But then the pills run out.
Then a soldier comes up, a guy just like him, covered in mud and dirt, and he hears the yells for help.
And that filthy soldier jumps down in the hole, too.
And the kid, he freaks out.
"What are you doing? Now we're both stuck in a hole.
" And the filthy soldier just smiles and says, "Calm down, buddy.
I've been here before.
I know how to get out.
" Got a couple of new faces in here today.
Welcome.
If you wanna talk, talk.
If you just wanna listen, that's all good, too.
No judgment here, just brothers and sisters who understand.
Only thing you've got to understand is the world isn't changing.
The real persecuted minority in this country today - is the Christian American patriot.
- Oh, here we go with the same bullshit.
You're blind, asshole.
Don't rag on me because I can see.
Kiss my ass, cracker.
Isaac, let O'Connor finish his piece, the same way you do when we get a blow-by-blow account of your week's titty bar action.
- [ALL CHUCKLE.]
- Blow-by-blow is right.
We've got to do something about the liberal, do-gooding assholes who are running this country into the ground.
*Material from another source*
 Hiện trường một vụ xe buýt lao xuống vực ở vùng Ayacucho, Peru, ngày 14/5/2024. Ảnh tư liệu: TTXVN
The ones who want to take our rights and our guns.
Anyone else got a take? I just know that I fought for this country and that it's got no place for me.
I don't know what the rules are anymore, you know? They're scared, man.
Because they aren't stupid.
They spent 15 years training an army and then abandoned it on the streets.
A time is gonna come when we have to defend ourselves and and put things back to how they were.
You love this country, you better be ready, 'cause the next war's gonna be here.
Blood will flow in the streets.
Sic semper tyrannis.
"Thus always to tyrants"? You really think our governments are tyrants, Lewis? All I know is that we risked our lives and we did terrible things and it meant nothing when we got home.
[INDISTINCT CHATTER.]
How you sleeping, Lewis? Uh, better.
I work a lot but, uh, better.
Group helps.
I've been reading a lot.
Perspective is good.
- Mmm-hmm.
- But the answers have to be your own.
You have to take an honest look in here before we look anywhere else.
All right? I'll see you next time.
Take care of yourself, Lewis.
[FRANK.]
Was a good meeting, Curt.
There he is.
- You good? - I'm copacetic, Frank.
You? Oh, yeah.
Great.
- It's been a while.
- Yeah, I'm a slow reader.
Yeah.
- I appreciate it.
- Right.
I really enjoyed it.
Like I told Lewis books are great, but they don't hold all the answers.
- Can I get some coffee? - Help yourself.
Lewis drives a cab all night.
I don't think it's a coincidence, either.
I suspect he talks to himself in the mirror.
And that's part of the problem, Frank.
Nobody wants to be themselves anymore.
Internet, social media, goddamn talent shows for assholes Everybody wants to be somebody else.
Nobody is happy just to look at themselves in the mirror, see themselves.
Then it means they don't have to be responsible either.
So what about you, Frank? What is it gonna take to make you happy? Come on.
"Happy"? Happy is a kick in the balls waiting to happen.
So you kick yourself in the balls first.
[SCOFFS.]
That's crazy, Lieutenant.
[CHUCKLES.]
Look you got half a life left to live, my friend.
If you don't, you might as well be dead.
- Oh, I am dead, Curtis.
You didn't hear? - Bullshit.
You got a name, a passport, as I recall Frank Castle's dead.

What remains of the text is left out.